The Zombie Diaries, then, follows some human survivor groups who are recording their travails for various reasons. It's a bit off-putting to be suddenly moved from group to group (and a month after the events of the first diary in the second diary), but the movie comes full circle in the end connecting the disparate storylines - with the ultimate terror not coming from the zombies but from mentally disturbed humans themselves.
Some of the horrific scenes are quite well-done given the clearly limited budgetary constraints. The acting isn't bad either. Zombie fans should find a lot to like here. I'd recommend it to others too, but keep in mind this is Dimension Extreme territory and the movie is definitely a hard R.
The Zombie Diaries is given an anamorphic widescreen presentation. The film was shot on handheld video, so the video quality is fairly lacking. Colors are washed out. Details are lacking. Aliasing and other artifacts are plentiful. Since this is yet another horror film that cobbles together "eyewitness" video accounts, however, the defects purposely add to the ambience of dread.
Considering the video quality, it should come as no surprise that the audio is lacking here as well. An uninspired Dolby Digital 2.0 English language track is all you'll find. Dialogue is inconsistent and often hard to hear, especially when characters are distant from the camera. The score is rather minimal, however, and doesn't intrude upon the proceedings.
Subtitle options in Spanish and English for the Hearing Impaired are available.

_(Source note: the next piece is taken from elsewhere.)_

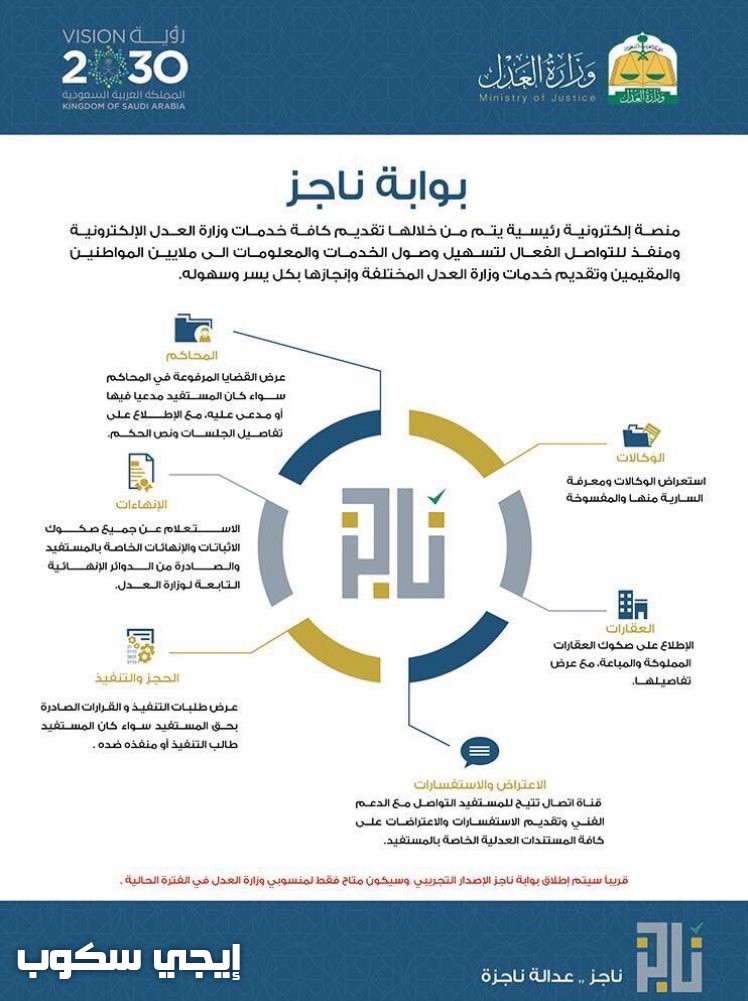 ناجز قضاياي بوابة استعلام ناجز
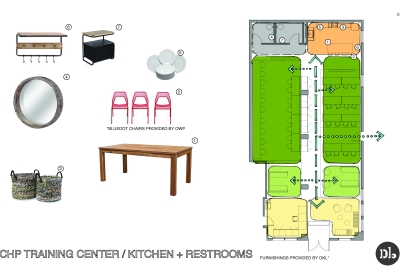 Kitchen and restroom site plan for CHP Training Center in San Francisco.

When the disc is played, trailers precede the main menu for The Wizard of Gore, Automotan Transfusion, Inside, and Night of the Living Dead. There isn't a link for these in the main menu, but a Theatrical Trailer link does give access to a trailer for The Zombie Diaries itself.
More importantly, two feature-length audio commentaries are available. The first has writers, producers and directors Michael Bartlett and Kevin Gates. The second has cast members Russell Jones, Anna Blades, Craig Stovin, Jonathan Ball, and Hiram Bleetman. A random sampling suggests both tracks are lively and entertaining.
One can also view many deleted scenes with a menu system that is awkward at best. Each segment of the film has its own deleted scenes gallery, and each has a separate Play All option as well as access to each scene individually. The scenes are in widescreen but are not anamorphic. The Outbreak deleted scenes run 4:55; The Scavengers 2:40; and The Survivors 6:37.
Finally, there's a feature called Until the Last Light Goes Out: The Making of the Zombie Diaries. Running at a generous 56:34, this is an in-depth look at the making of the film with comments from the cast and crew. It's widescreen, but like the deleted scenes, it's nonanamorphic.
While not a classic in its own right, The Zombie Diaries is an interesting low budget shaky cam take on the traditional zombie apocalypse narrative. There are enough traditional zombie gore scenes and engaging characters here to warrant a look. Recommended.